The following code can load the Licorice_Gargle.csv file into R:
dat_all <- read.csv('../../.data/Licorice_Gargle.csv')
# remove records with missing data for the outcome or any predictors:
complete_case_vec <- complete.cases(dat_all[,c('pacu30min_throatPain','preOp_gender','preOp_age','treat')]) # creates a vector of TRUE or FALSE for each row if the cases are complete (i.e., no NA values)
dat <- dat_all[complete_case_vec,]The dataset represents a randomized control trial of 236 adult patients undergoing elective thoracic surgery requiring a double-lumen endotracheal tube comparing if licorice vs. sugar-water gargle prevents postoperative sore throat. For our exercises below we will focus on the following variables:
pacu30min_throatPain: sore throat pain score at rest 30 minutes after arriving in the post-anesthesia care unit (PACU) measured on an 11 point Likert scale (0=no pain to 10=worst pain)preOp_gender: an indicator variable for gender (0=Male, 1=Female)preOp_age: age (in years)treat: the randomized treatment in the trial where 0=sugar 5g and 1=licorice 0.5gFor our solutions, we will also use our ANOVA table creation function from lecture/recitation:
linreg_anova_func <- function(mod, ndigits=2, p_ndigits=3, format='kable'){
### Function to create an ANOVA table linear regression results from lm or glm
# mod: an object with the fitted model results
# ndigits: number of digits to round to for most values, default is 2
# p_digits: number of digits to round the p-value to, default is 3
# format: desired format output (default is kable):
## "kable" for kable table
## "df" for data frame as table
# extract outcome from the object produced by the glm or lm function
if( class(mod)[1] == 'glm' ){
y <- mod$y
}
if( class(mod)[1] == 'lm' ){
y <- mod$model[,1] # first column contains outcome data
}
ybar <- mean(y)
yhat <- predict(mod)
p <- length(mod$coefficients)-1
n <- length(y)
ssm <- sum( (yhat-ybar)^2 )
sse <- sum( (y-yhat)^2 )
sst <- sum( (y-ybar)^2 )
msm <- ssm/p
mse <- sse/(n-p-1)
f_val <- msm/mse
p_val <- pf(f_val, df1=p, df2=n-p-1, lower.tail=FALSE)

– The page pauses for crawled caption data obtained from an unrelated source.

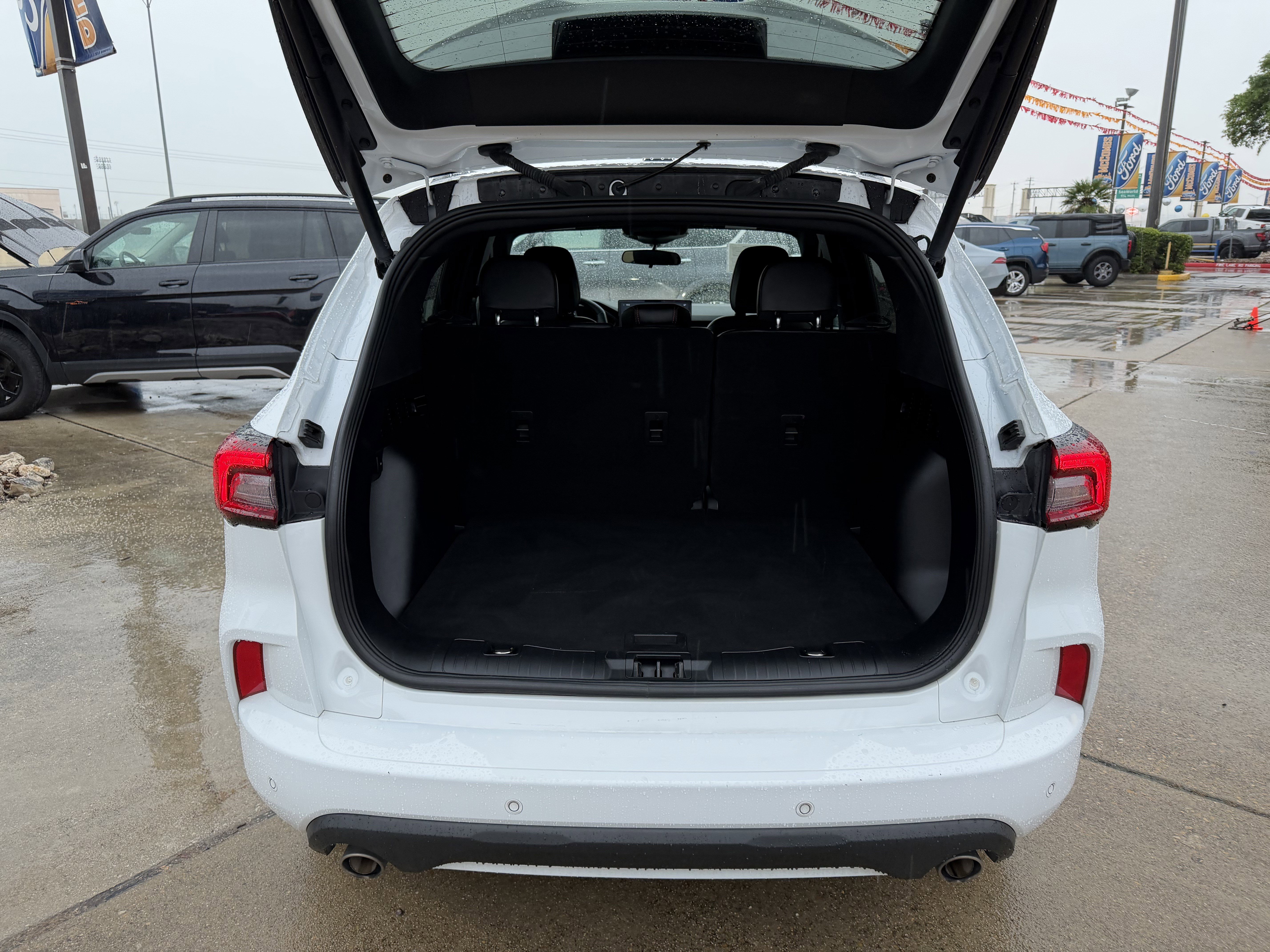 Certified 2023 Ford Escape ST-Line w/ Tech Pack #1 FWD image 7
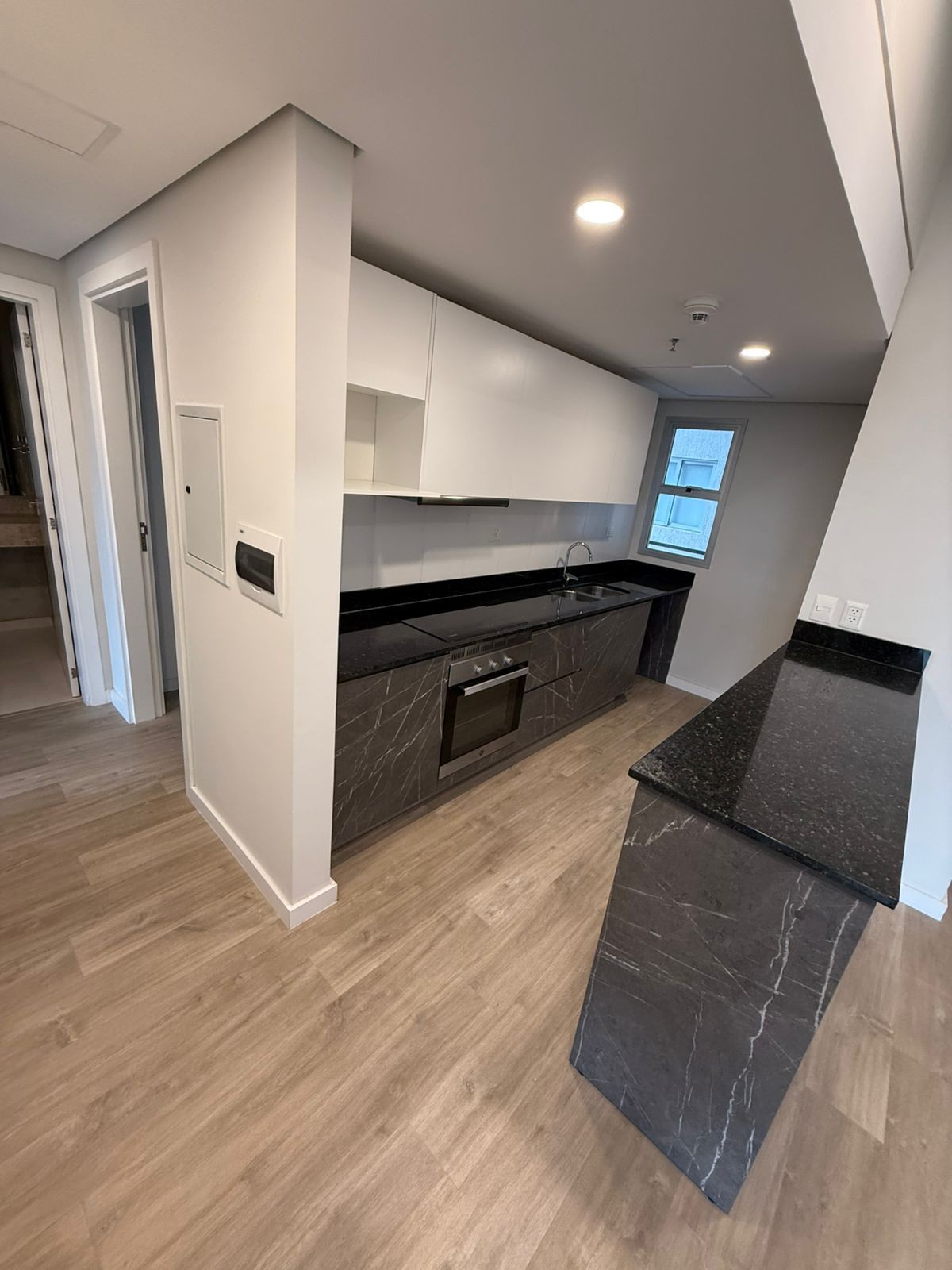 En Alquiler | Departamento de 2 Dormitorios – Edificio Forvm Villa Morra — foto 3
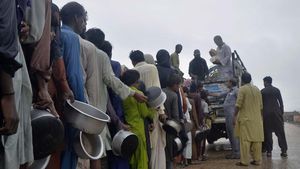 Potret Warga Pakistan Korban Topan Biparjoy Antre Makanan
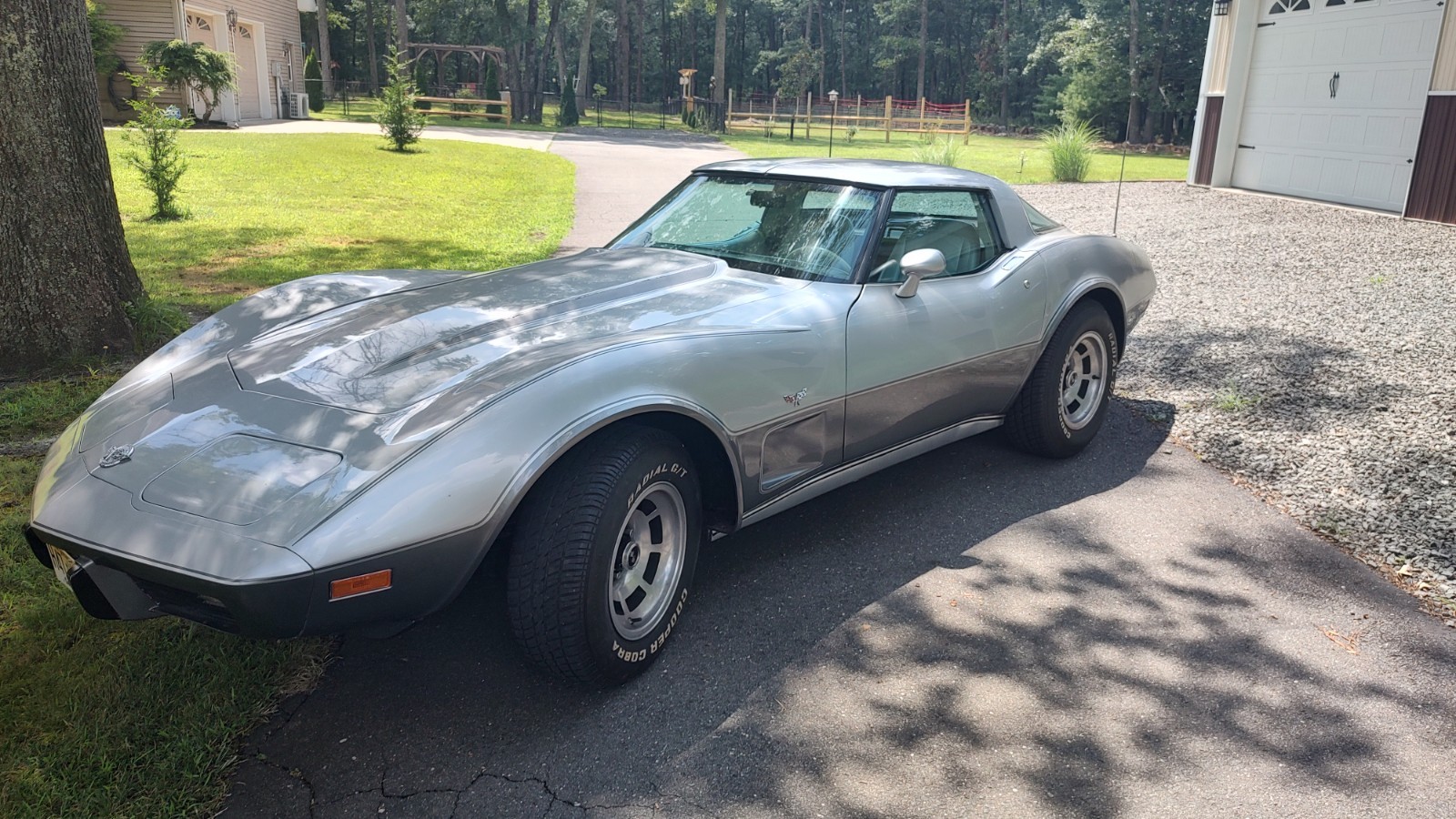 Chevrolet-Corvette-1978-Coupe-11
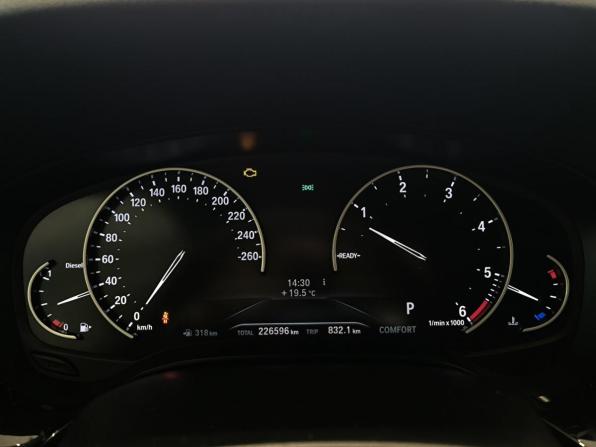 BMW 5 серии VII (G30/G31/G38) с пробегом 2018 года, цена 2 750 000 рублей, 226593 км, седан, Автокод Объявления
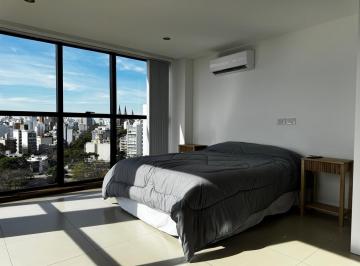 Departamento · 55m² · 1 Ambiente · Alquiler Monoambiente Amoblado con Balcón y Terraza en Plaza Azcuénaga y 44 La Plata
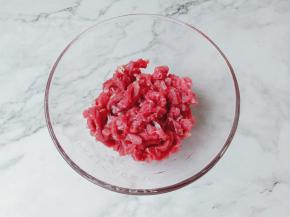 切牛肉的时候要斜着肉的纹路切成细丝。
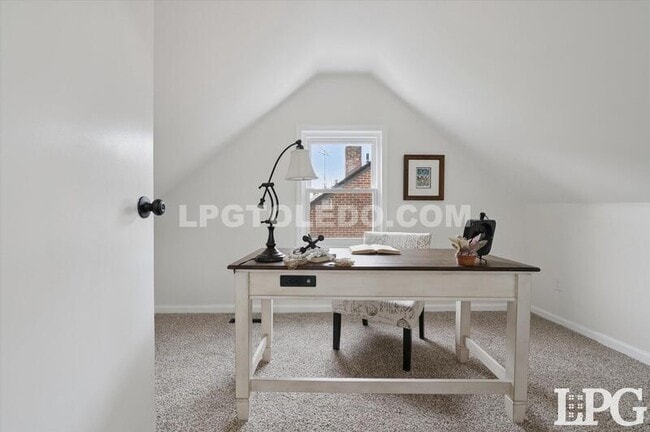 Building Photo - 2736 Northwood Ave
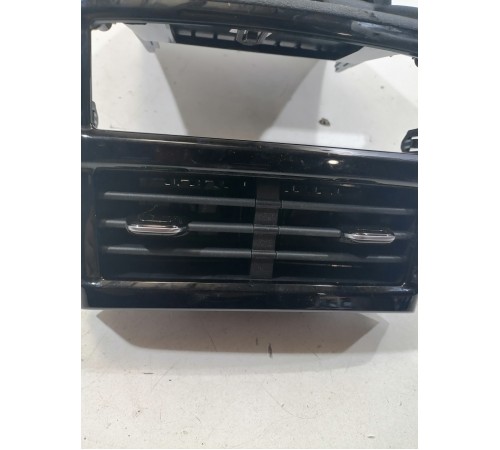 Накладка центральной консоли задняя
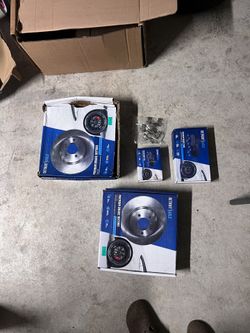 2014 Ford Explorer Brake Pads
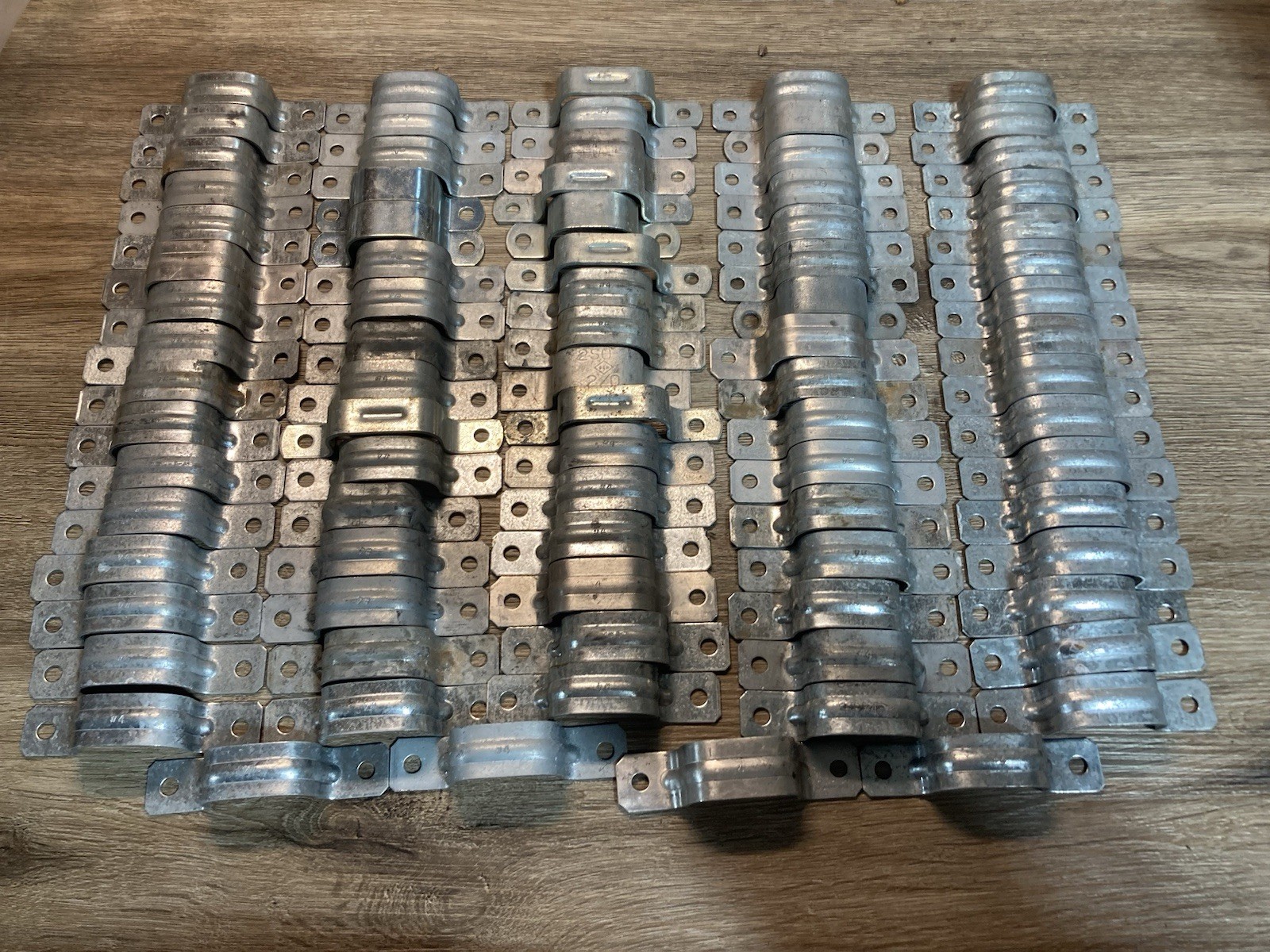 Mixed Lot Of 84 200 amp service entrance cable strap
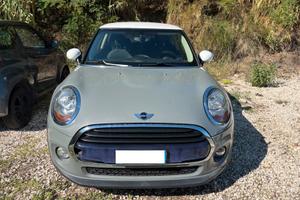 Mini 1.5 Cooper D Business XL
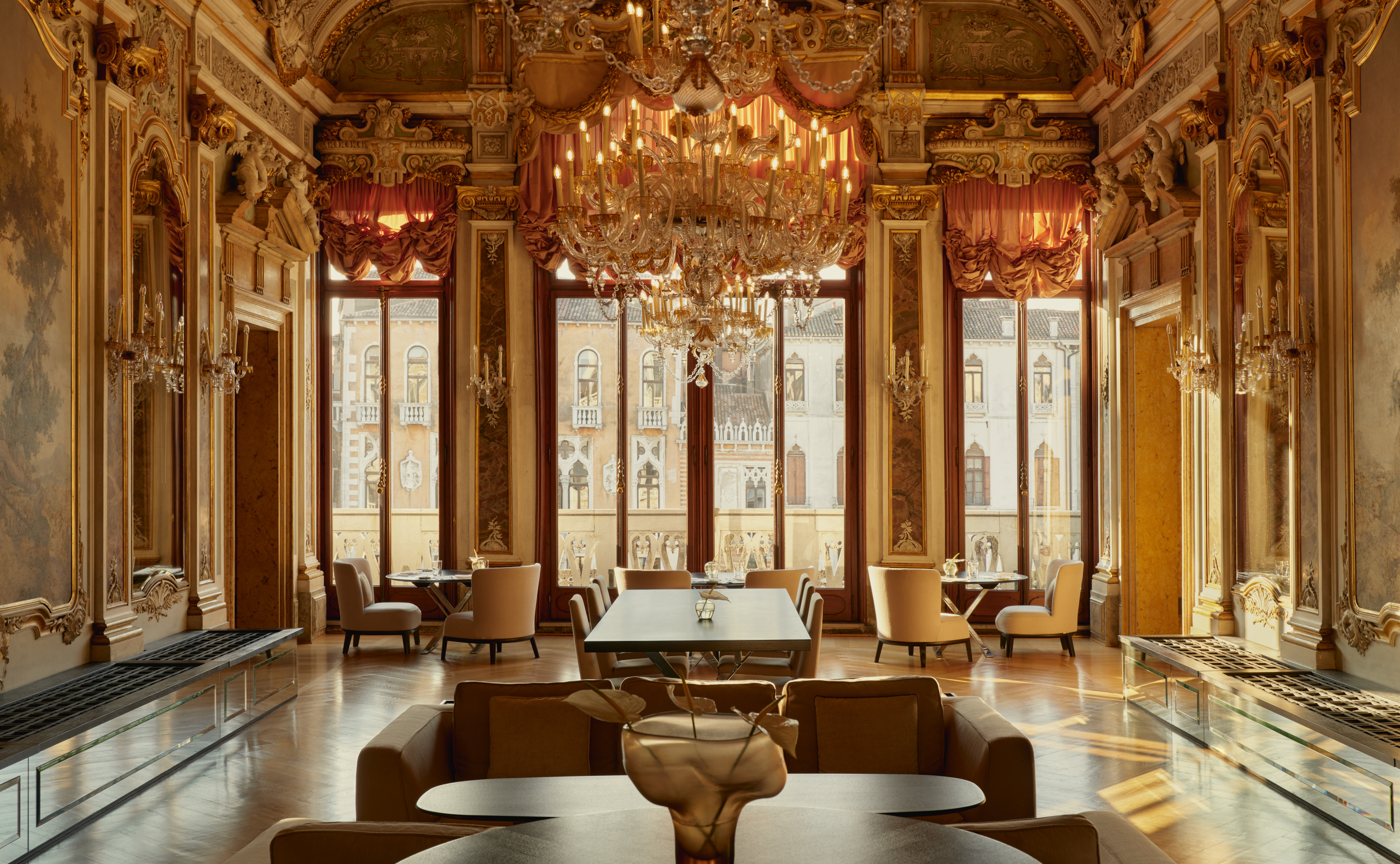 I lussuosi interni dell'Aman Venice, l'albergo a 7 stelle più elegante d'Europa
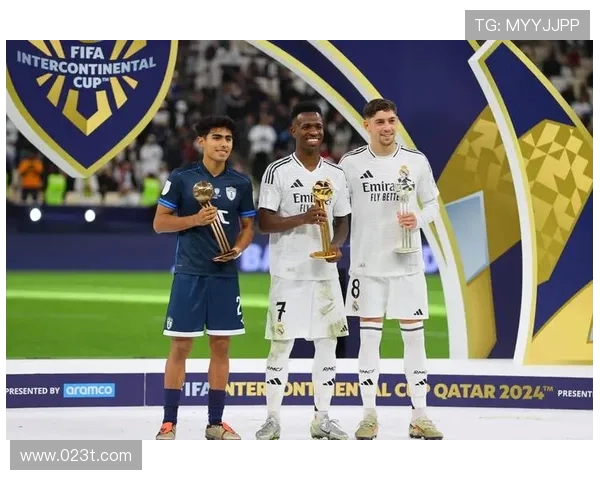 皇马与巴伦西亚激战正酣红牌争议引发球迷热议与讨论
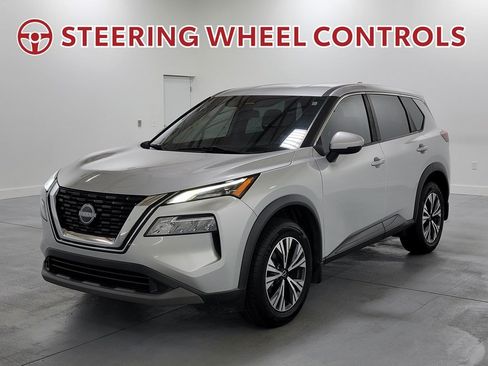 Used 2022 Nissan Rogue SV FWD image 4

# Create an ANOVA table to summarize all our results:
p_digits <- (10^(-p_ndigits))
p_val_tab <- if(p_val<p_digits){paste0('<',p_digits)}else{round(p_val,p_ndigits)}
anova_table <- data.frame( 'Source' = c('Model','Error','Total'),
'Sums of Squares' = c(round(ssm,ndigits), round(sse,ndigits), round(sst,ndigits)),
'Degrees of Freedom' = c(p, n-p-1, n-1),
'Mean Square' = c(round(msm,ndigits), round(mse,ndigits),''),
'F Value' = c(round(f_val,ndigits),'',''),
'p-value' = c(p_val_tab,'',''))
if( format == 'kable' ){
library(kableExtra)
kbl(anova_table, col.names=c('Source','Sums of Squares','Degrees of Freedom','Mean Square','F-value','p-value'), align='lccccc', escape=F) %>%
kable_styling(bootstrap_options = "striped", full_width = F, position = "left")
}else{
anova_table
}
}Write the the multiple linear regression model for the outcome of throat pain (i.e., dependent variable) and independent variables for ASA score, gender, age, and treatment status. Be sure to define all terms.
Solution:
The true regression model is
\[ Y_i = \beta_0 + \beta_1 X_{\text{Licorice},i} + \beta_2 X_{\text{Female},i} + \beta_3 X_{\text{Age},i} + \epsilon_i \]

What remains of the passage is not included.